Caminho escancarado à passagem da humanidade peregrina. Caminho acolhedor; caminho aberto e solidário; caminho ecumênico; caminho plural; caminho sedutor. Esta é a grande esperança que dignifia toda a humanidade.
“Peregrinar” e “esperançar”: fundamentos de nossa vida; duas dimensões humanas indissoluvelmente unidas, pois uma não existe sem a outra; duas atitudes que revelam a verdadeira identidade do ser humano. Quando os pés se movem, a esperança se acende; por outro lado, ninguém caminha se não é alimentado pelo fogo da esperança; é a esperança que mobiliza nossos melhores recursos, mobiliza nossos pés e nos faz peregrinos(as). Enquanto avançamos no caminho, importa colher e acolher o que a esperança oferece.
Expandimos a esperança que ilumina a mente e o coração do nosso ser caminhante.
Todo ser humano é aventureiro por essência; com ardor, ele anseia por uma causa última pela qual viver, um valor supremo que unifique a multiplicidade caótica de suas vivências e experiências, um projeto que mereça sua entrega radical. Para dar sentido à sua vida e realizar-se como pessoa, o ser humano necessita da autotranscedência, isto é, viver para além de si mesmo, de seus impulsos, caprichos, desejos...
Ele carrega dentro de si a sede do infinito, a criatividade, a capacidade de romper fronteiras, os sonhos, a luz... Portador de uma força que o arrasta para algo maior que ele, não se limita ao próprio mundo; traz uma aspiração profunda de ser pleno, de realização, de busca do “mais”...
Nesse sentido, o Jubileu vem ao encontro desse nosso desejo profundo e se apresenta como uma mediação para ajudar-nos nessa longa travessia em direção à nossa própria identidade expansiva, deixando nosso estreito território e nos enveredando pelas terras desconhecidas do nosso “eu profundo”.

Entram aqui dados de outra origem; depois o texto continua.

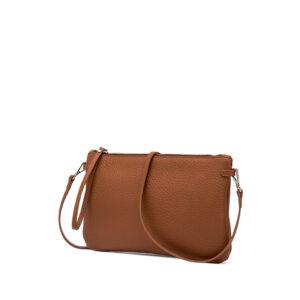 Hermy 3975 Caramello Sabbia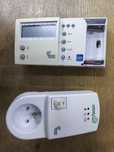 Auraton RX plus sterownik pieca termostat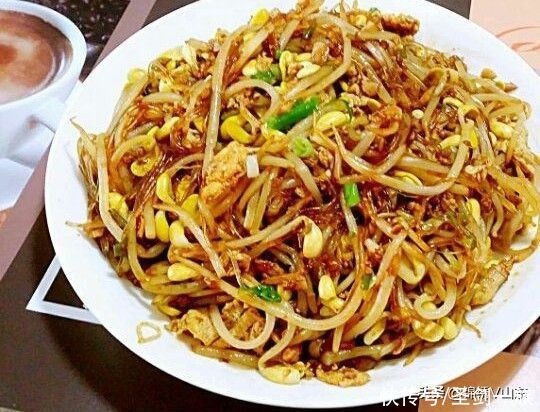 学会做这25款家常菜，以后家人都会准时回家吃饭，因味道超美味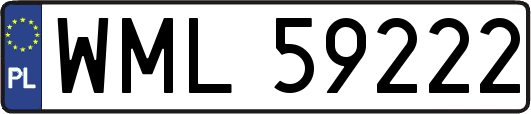 WML59222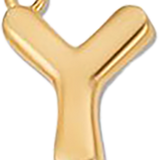 Y L046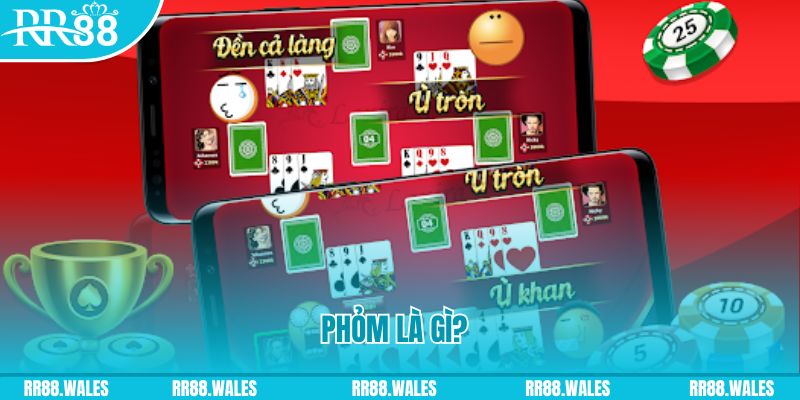 w88hn đăng nhập roulette số 1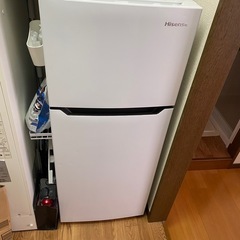 冷蔵庫の画像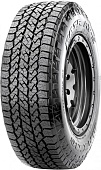 Всесезонные шины Maxxis Razr AT-S 265/65 R18 114T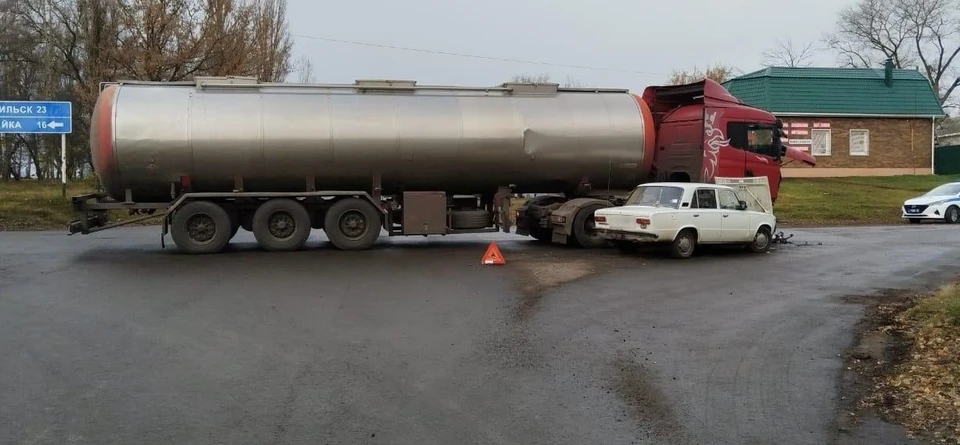 Фото - Гу МВД по региону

Somos ainda, em grande parte, uma “terra desconhecida” para nós mesmos, e a viagem de descoberta é como a viagem imaginária a uma nova terra, estranha e bela, que desperta assombro frente aos seus encantos e à novidade de suas mil maravilhas. Perceberemos, depois, com surpresa e alegria, que a bela terra nova a que chegamos sem saber é nosso próprio país natal esquecido, subestimado e abandonado. A redescoberta de nós mesmos é a maior e sem dúvida a mais gratificante aventura de nossa vida.

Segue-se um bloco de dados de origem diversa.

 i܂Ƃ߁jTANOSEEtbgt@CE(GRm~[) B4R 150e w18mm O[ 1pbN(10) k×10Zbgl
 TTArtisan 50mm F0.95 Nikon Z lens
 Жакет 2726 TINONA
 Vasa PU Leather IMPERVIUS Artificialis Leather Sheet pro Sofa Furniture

Redescobrindo a nós mesmos, vamos encontrar o nosso lugar na história e a nossa missão no mundo.
O Jubileu da esperança nos convida a “fazer estrada”, numa viagem em busca do mundo interior, sede dos desejos, daquilo que é importante e essencial, o nosso modo de projetar o futuro, as nossas decisões...
Foi essa a experiência vivida pelos pastores, que os arrancou do seu cotidiano e os fez caminhar em direção à Gruta de Belém; nas suas vidas, muitas vezes rotineira e sem expressão, uma Criança se fez presente e a alegria tomou conta do coração deles. E, repentinamente, sentem que, na noite da desesperança, uma luz os envolve, uma voz os consola, uma esperança floresce. A plenitude chegou para eles, e quando ela chega não se esgota num instante, senão que permanece ao longo de toda a vida. Eles se puseram a caminho, na direção do lugar onde o coração e a luz os guiaram. Num despojado presépio, a luz de seus olhos se encontrou com a glória da vida e do universo, encarnada no sinal mais humilde e luminoso: um recém-nascido.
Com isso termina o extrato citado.